Another racially charged comment allegedly occurred in Mosqueda’s office, where one runner said Mosqueda and another coach teased the runner for her supposed attraction to Black men, an attraction that the coaches claimed they personally lacked.
Four different runners said members of the team planned to talk to the school about Mosqueda at the conclusion of this season, intending to wait because they said they were thankful to be competing at all after COVID-19 sidelined them for nearly a year. Multiple runners also mentioned they were concerned the University wouldn’t fire Mosqueda if they complained, and that ruining their relationship with Mosqueda if she remained the coach would derail the season.
White said she considered talking to administration when she left Pepperdine in late 2019 but decided not to since track season was about to start.
“I had an email typed out that I thought about sending to Potts — I totally could’ve gotten her fired back then,” White said. “But I didn’t want to leave the team without a coach, so I decided not to.”
A Change of Scenery
Since her termination, five runners said Mosqueda has texted them despite Pepperdine telling the runners that she was not allowed to contact them.

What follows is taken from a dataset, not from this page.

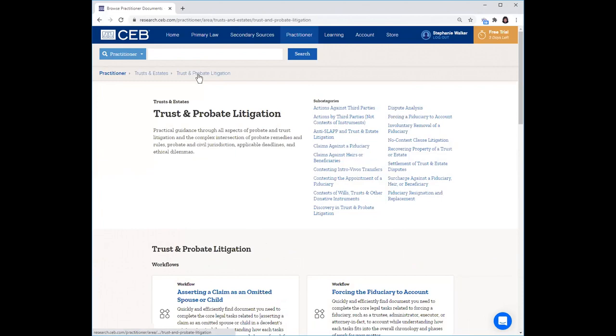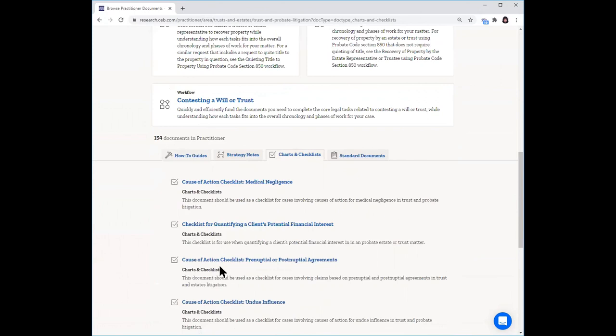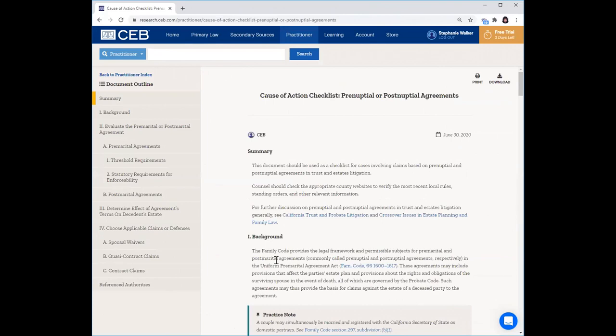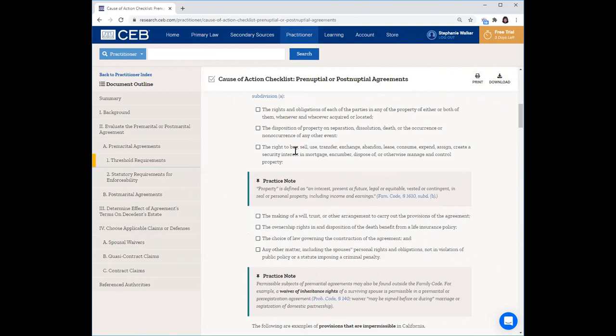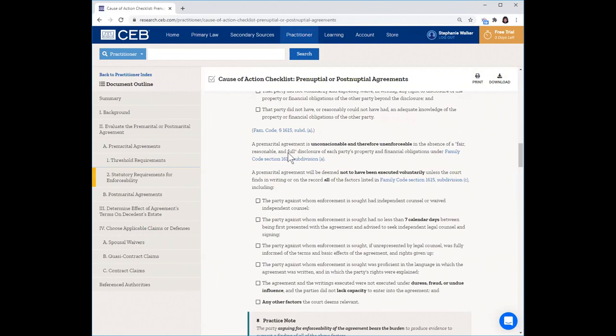Let's go back to the main trust and probate litigation page and look at a few other types of resources. Let's take a look at charts and checklists. Here we've got cause of action checklists for prenuptial or postnuptial agreements. If I click into that, you'll see a really easy-to-navigate document outline so you can skip to a specific portion. You can see in checklist form the threshold requirements, so you can literally print this out and check off issues to make sure you've considered everything and haven't missed anything.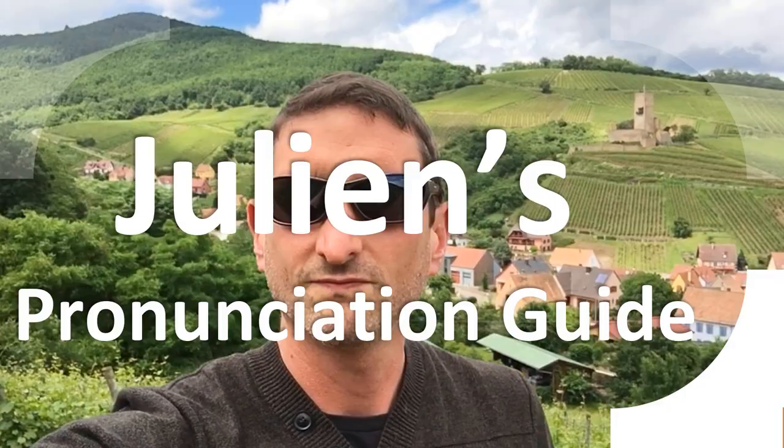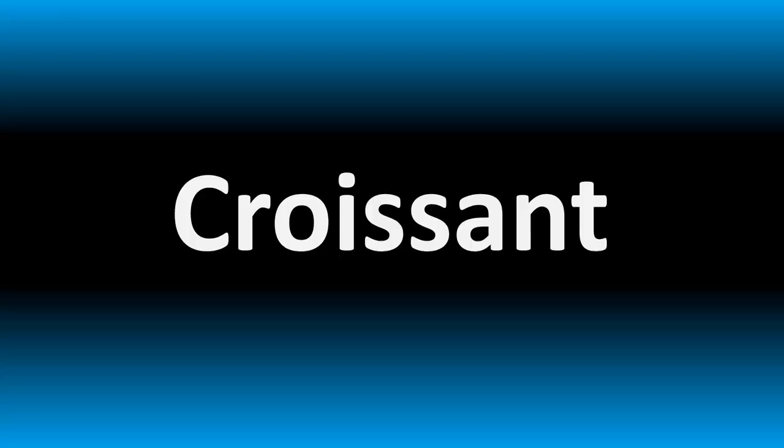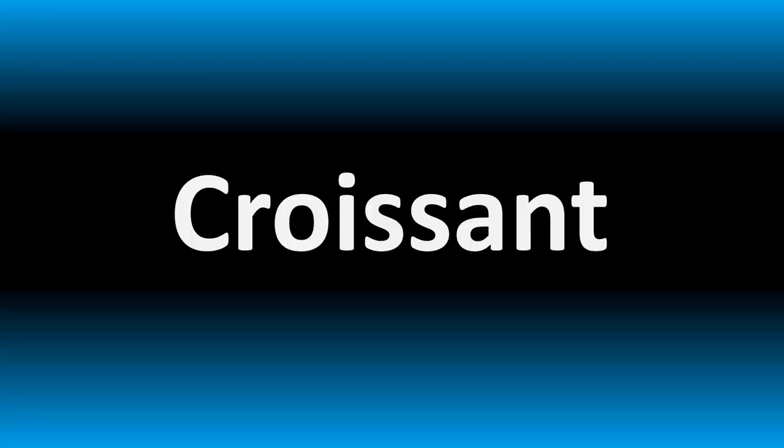You are looking at Julian's pronunciation guide, where we look at how to pronounce better some of the most mispronounced words in the world — like this other curious word. But how do you say what you're looking for today?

It is not known precisely when University administration first learned of the allegations against Mosqueda, but Potts and Kurtz first contacted student-athletes within the program the evening of March 9, asking to schedule meetings with the team. Potts and Kurtz began meeting with and interviewing groups of runners March 11. By March 12, Mosqueda had been publicly terminated.
“I think Pepperdine handled the situation really well,” Wright said. “They were very concerned for the well-being of me and my teammates.”
Kurtz serves as the interim head coach. While the search for a permanent replacement likely will not finish until next year, the interviewed runners said they were happy with the infusion of energy that Kurtz, as well as the absence of Mosqueda, has brought to the program.
“Amanda has done more for us as a coach in a week than Coach Mosqueda did in her two years,” Miller said.
Kurtz has previously worked in Title IX, compliance and other administrative roles for Pepperdine Athletics and has no coaching experience but ran cross country collegiately.
Wright pointed to Kurtz’s administrative organization as the biggest area that the team is thankful for help.
“Even if it were possible for us athletes to come together and throw together a workout plan, handling all the organizational aspects of going to meets and getting food and working around this evolving meet schedule due to COVID-19 would have been much more difficult without Amanda stepping in,” Wright said.